Having accurate and complete data is essential for achieving the Sustainable Development Goals. Across the 17 Global Goals, there are 54 targets, goals and indicators that are gender-specific—yet only 26 percent of the necessary data for monitoring these indicators is currently available.
UN Women recently released a comprehensive report on gender and the Sustainable Development Goals showing that achieving gender equality is integral to each of the Global Goals; they urged the community of practice to improve data collection and make it more timely and regular. Achieving the Sustainable Development Goals will require organizations to be innovative in the ways they collect data, and to work together to share best practices as we push for systems-level change.
In addition to working with local groups to improve data usage on the ground, advocates should continue to use existing evidence of what works and highlight data gaps to shape their messages. Too often, there is a disconnect between research, advocacy and programming. Understandably, it can be difficult for those not directly involved in research to keep up with the latest information. This challenge has been exacerbated in the wake of the SDGs, as there are numerous indicators to report on.
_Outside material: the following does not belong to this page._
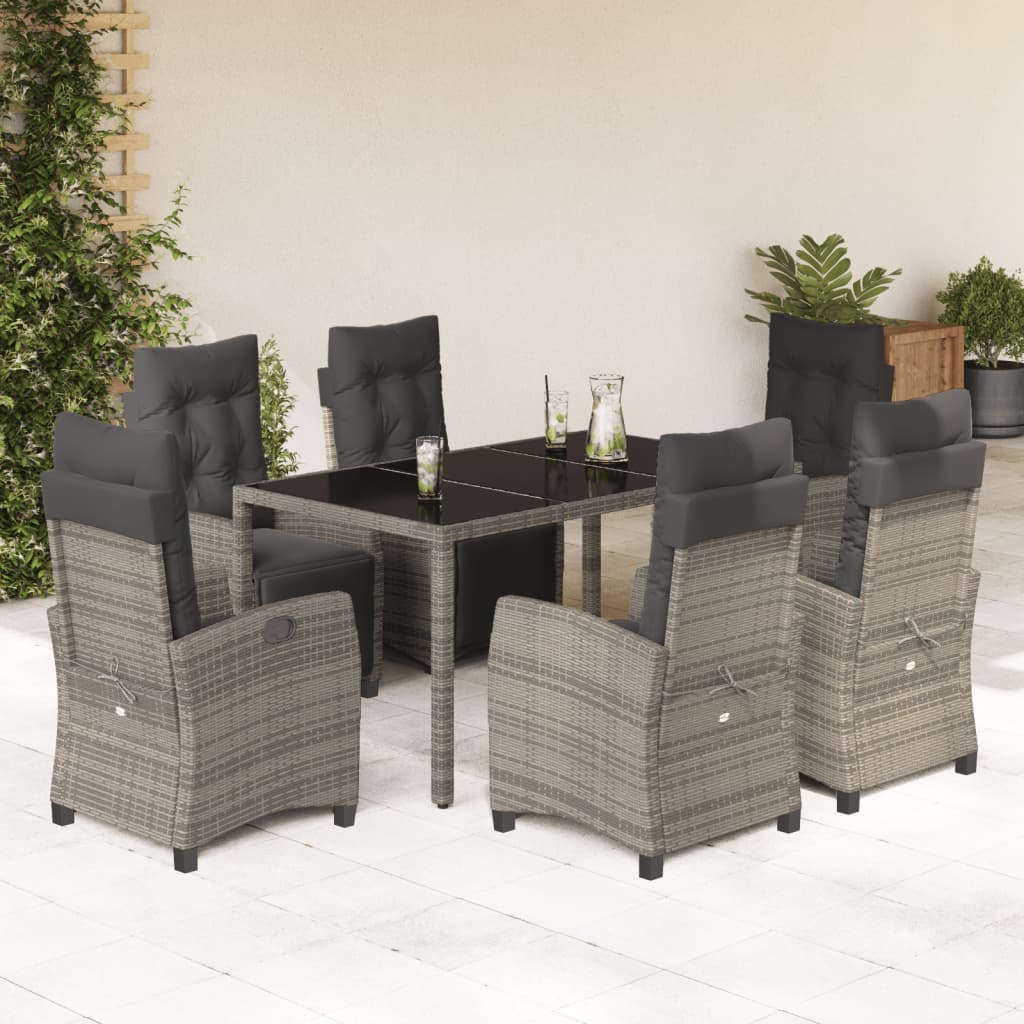Set De Comedor De Jardín 7 Pzas Y Cojines Ratán Sintético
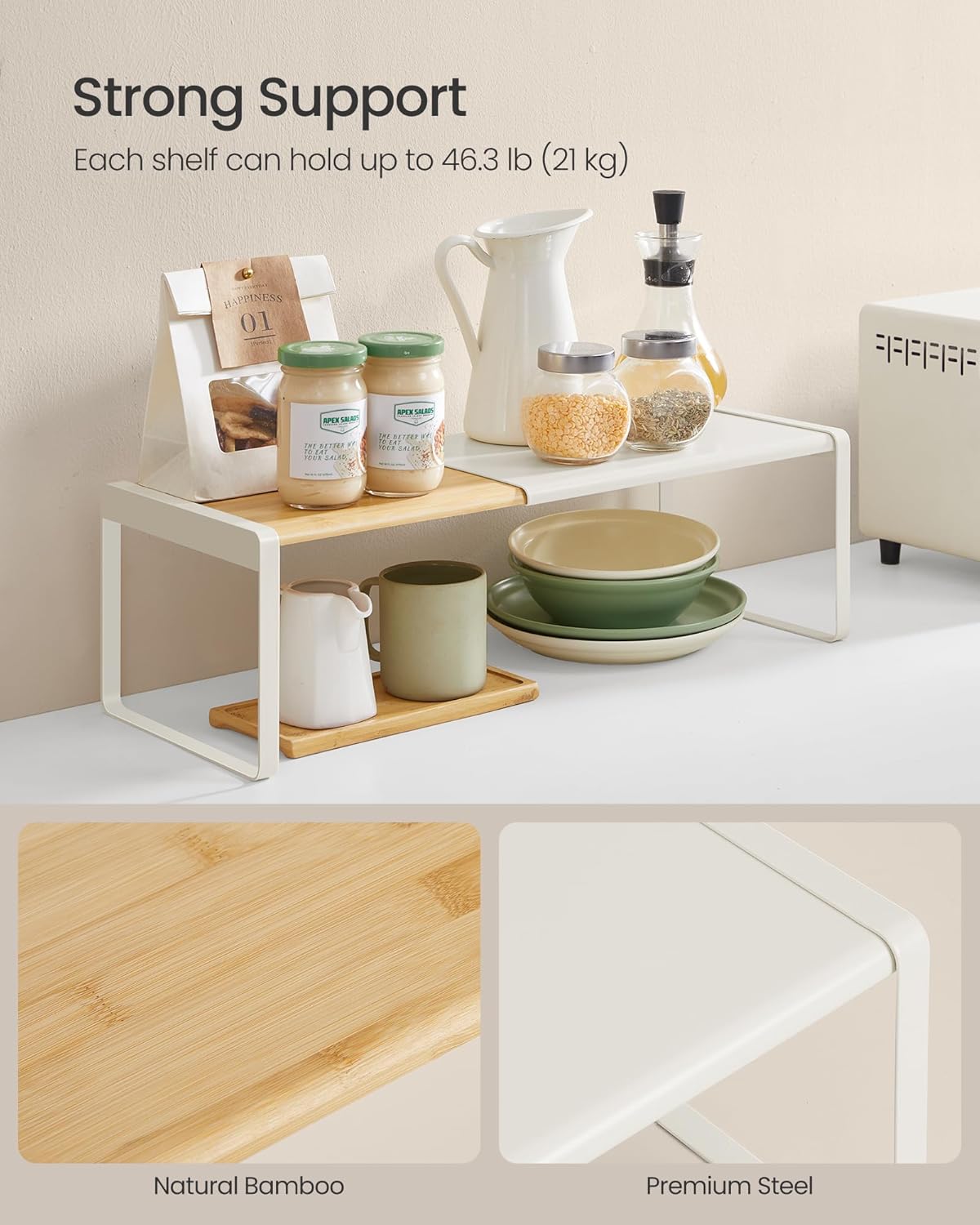 VASAGLE 2-Tier Expandable Counter Shelf – Natural Beige + Cream White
This was the impetus for Georgetown University’s Institute for Women, Peace and Security to create a WPS Index. In collaboration with the Peace Research Institute of Oslo, the institute drew on a number of recognized data sources to rank 153 countries on the condition of women and their empowerment in homes, communities and societies more broadly. This tool can be used to shape messages about women’s inclusion, security and access to justice in the context of the UN’s Sustainable Development Agenda.
Donors must fund improved monitoring, evaluation and research of programs so that we can better understand what works in improving the lives of women and girls. Organizations and their funders should also consider the importance of training women at the local level to collect and analyze data with the aim of improving local capacity to gather and use data—including national statistics. Equipping local women’s groups with data and evidence, and teaching them how to analyze and use this data in advocacy and programming, could be transformative for the lives of women and girls.
It is also critical that researchers, donors, program managers and advocates communicate with each other, share available data and collection strategies that prove effective and base their decisions on gender-responsive evidence. Advocates must always reflect on how we can improve policies and practices to collect more and better gender data, and how to set up systems conducive to using and learning from this data.
We need to understand data and use it properly in order to know where gender gaps have been closed and identify where we need additional efforts. If we are truly committed to achieving gender equality, we will meet these critical challenges and surmount them together.